- Sire: Val de l'Orne
- Grandsire: Val de Loir
- Dam: The Temptress
- Damsire: Nijinsky
- Sex: Filly
- Foaled: 1982
- Country: Canada
- Colour: Bay
- Breeder: E. P. Taylor
- Owner: Windfields Farm
- Trainer: Macdonald Benson
- Record: 19: 5-8-2
- Earnings: $488,610

Major wins
- Natalma Stakes (1984) Canadian Oaks (1985) Canadian Classic Race wins: Queen's Plate (1985)

Awards
- Canadian Champion 3-Year-Old Filly (1985)

Honours
- La Lorgnette Stakes at Woodbine Racetrack

= La Lorgnette =

Canadian-bred Thoroughbred racehorse

La Lorgnette (foaled 1982 in Ontario) is a Canadian Champion Thoroughbred racehorse.

==Background==
A giant sized filly at 17.1 hands, she was bred and raced by E. P. Taylor's Windfields Farm.

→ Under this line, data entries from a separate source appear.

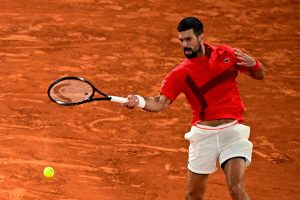 Djokovic dompte Zverev et s’attaquera à Sinner en demi-finales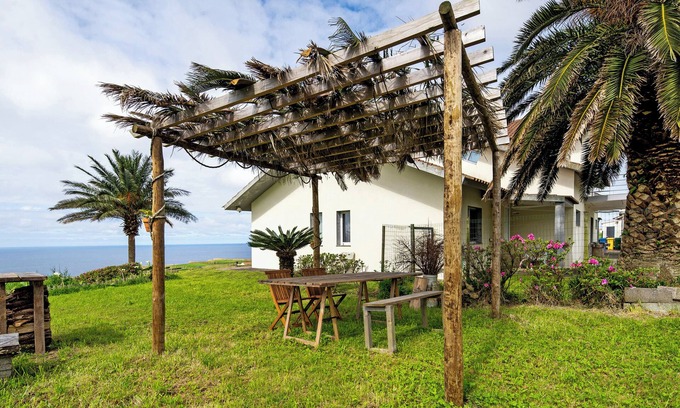 Achadinha House | Casinha Do Monte: Oceanfront Retreat with Shared Garden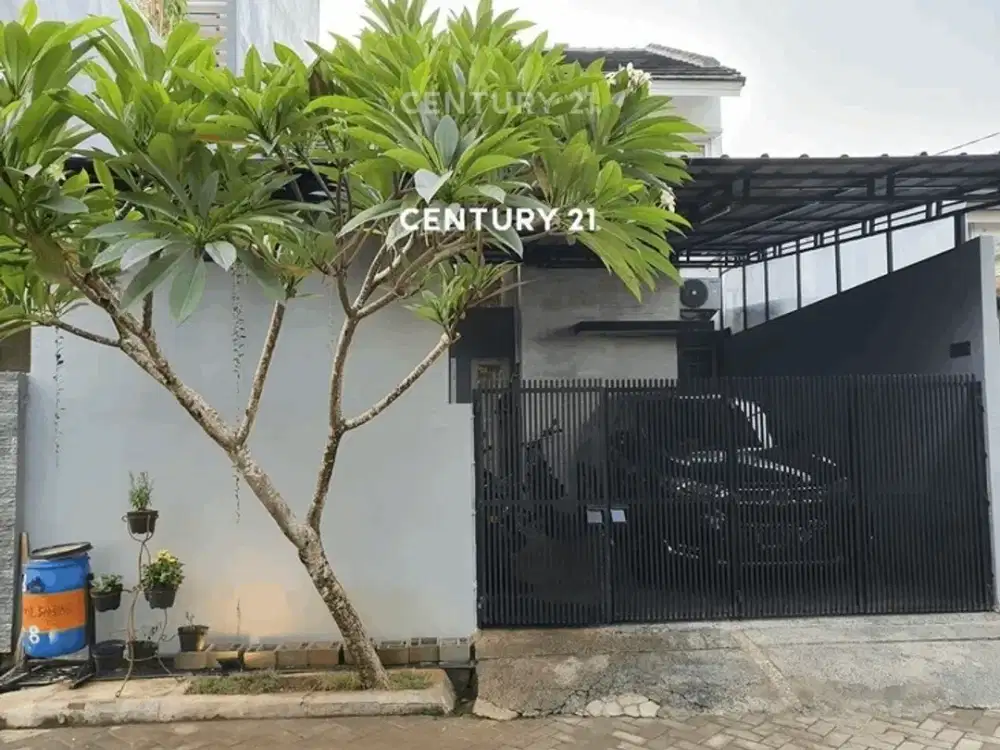 Rumah Dalam Cluster Depan Taman OM 17682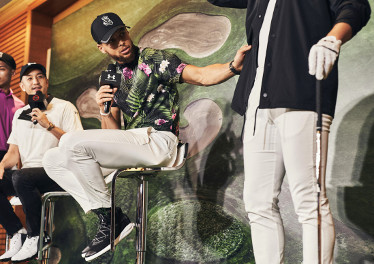 Stephen Curry Presents Under Armour’s New Range Unlimited Golf Collection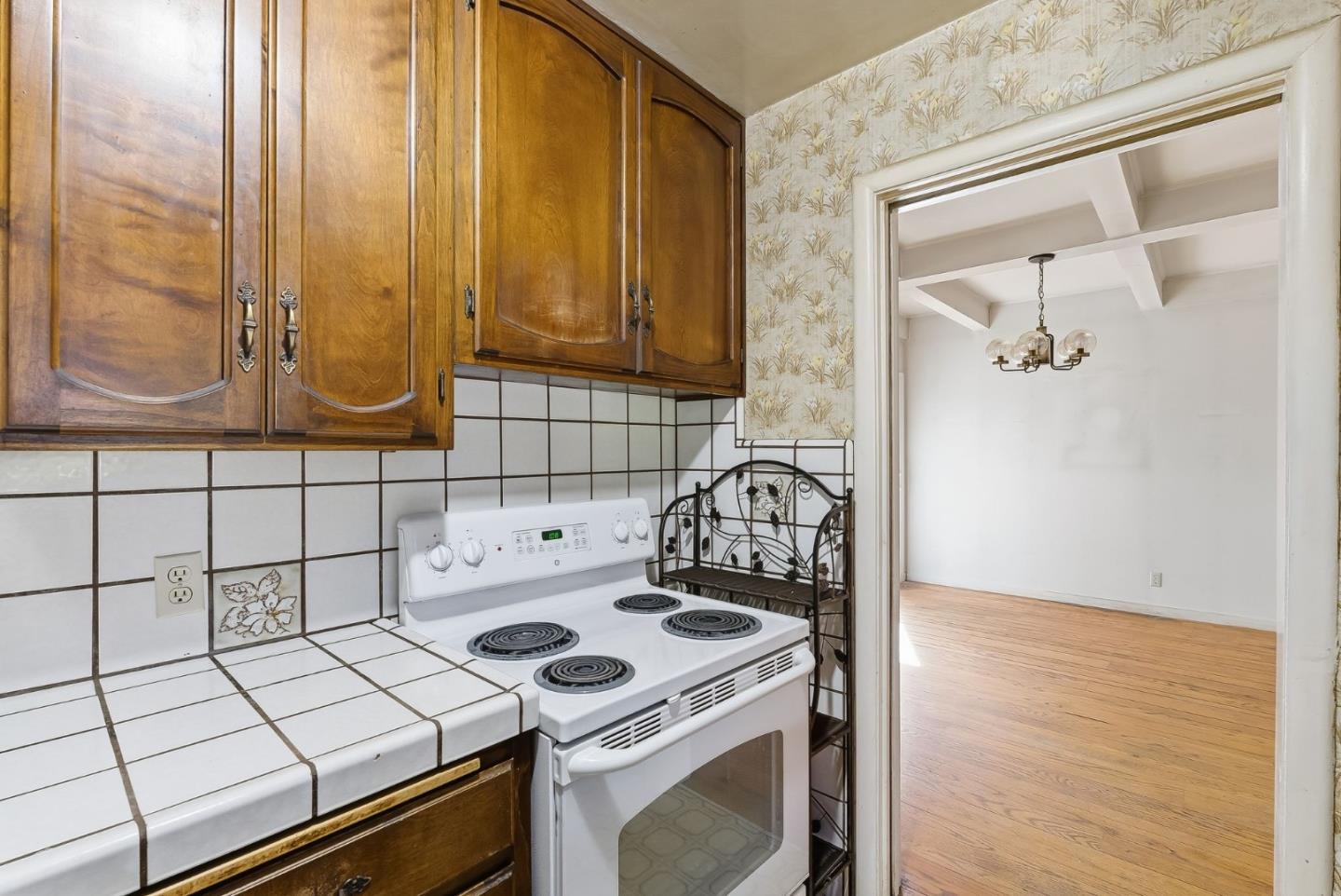 Detail Gallery Image 11 of 30 For 80 Watkins Ave, Atherton,  CA 94027 - 3 Beds | 2 Baths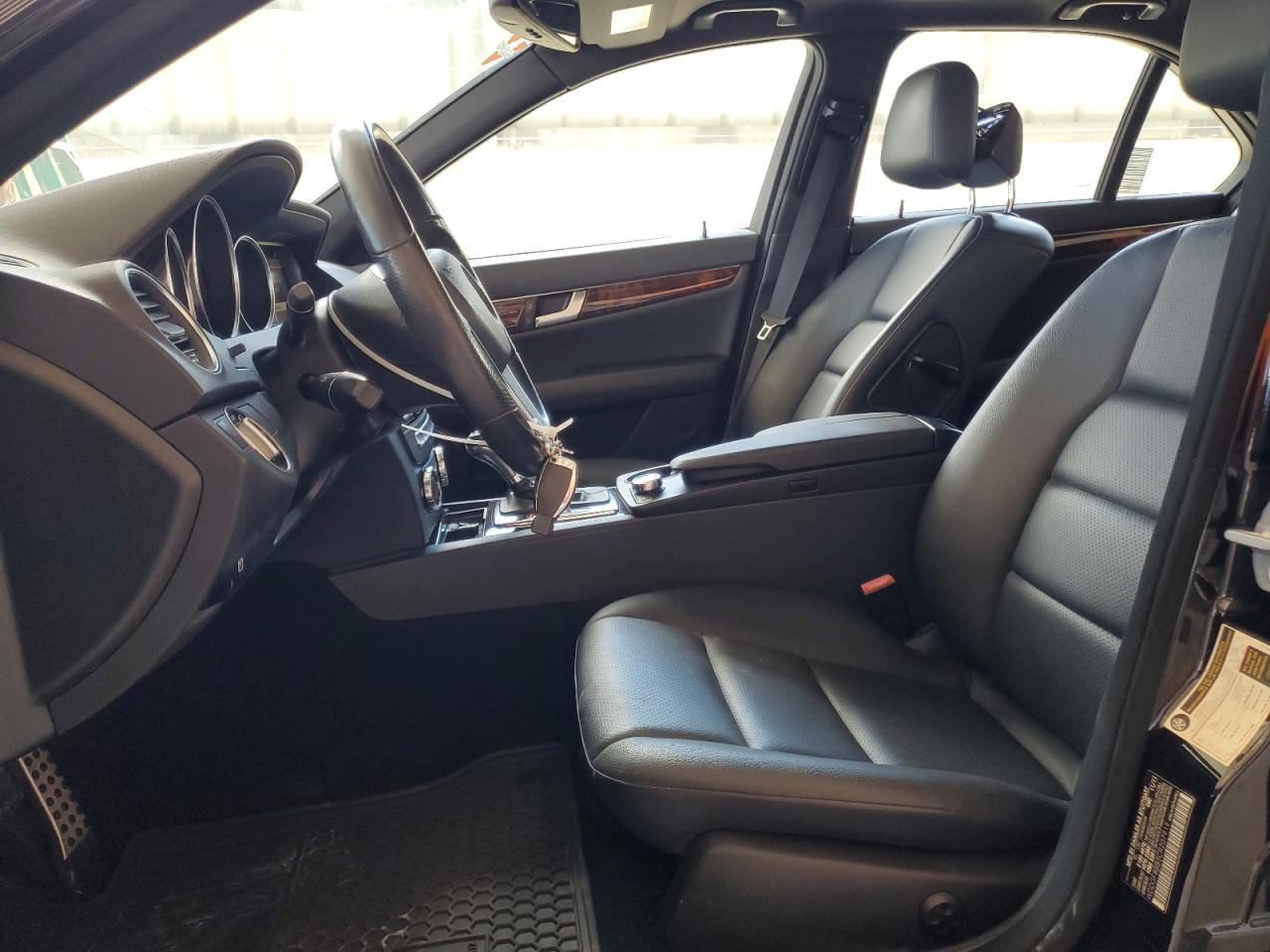 2012 MERCEDES-BENZ C-CLASS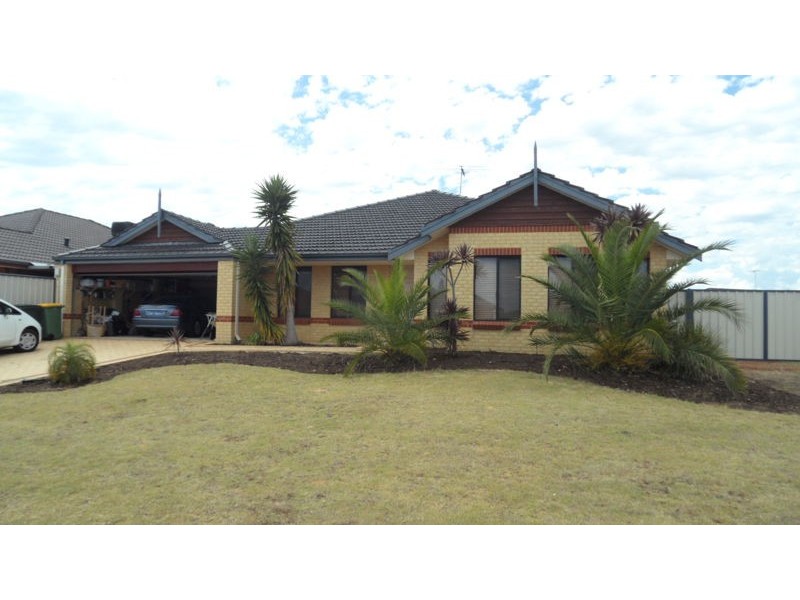 8 CAMDEN WAY, Meadow Springs WA 6210
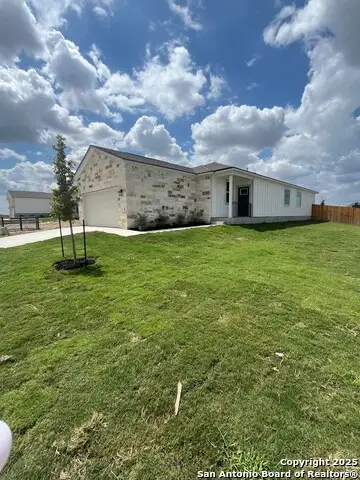 738 Whitman Street, New Braunfels, TX 78130 - Image #2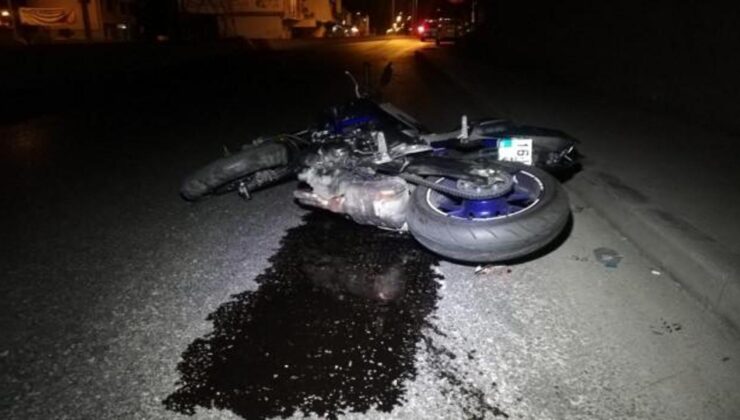 Genç motosikletli park halindeki kamyona çarptı! Feci ölüm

She was sired by the Val de l'Orne, a multiple stakes winner in France including the Group One Prix du Jockey Club. Val de L'Orne's sire was Val de Loir, the Leading sire in France for three straight years between 1973 and 1975. La Lorgnette's dam was The Temptress, a daughter of the 1970 British Triple Crown champion Nijinsky who was also bred at Windfields Farm. She was trained by Macdonald Benson.

==Racing career==
La Lorgnette raced at age two with her best result a win in the 1984 Natalma Stakes. The following year she won the Canadian Oaks then, up against her male counterparts, defeated race favorite Imperial Choice to win Canada's most prestigious race, the Queen's Plate. In the ensuing Prince of Wales Stakes at the Fort Erie Racetrack, the two horses reversed their position. For her 1985 performances, La Lorgnette was voted the Sovereign Award as Canadian Champion 3-Year-Old Filly.

==Breeding record==
Retired to broodmare duty, La Lorgnette has stood in Canada and in the United States. She is best known for producing Hawk Wing who was bred at John G. Sikura's Hill 'n' Dale Farms in Lexington, Kentucky. Hawk Wing was the top two-year-old of 2001 in the United Kingdom and Ireland and a winner of three Group One races. La Lorgnette's last foal, by Fusaichi Pegasus, was born in 2005.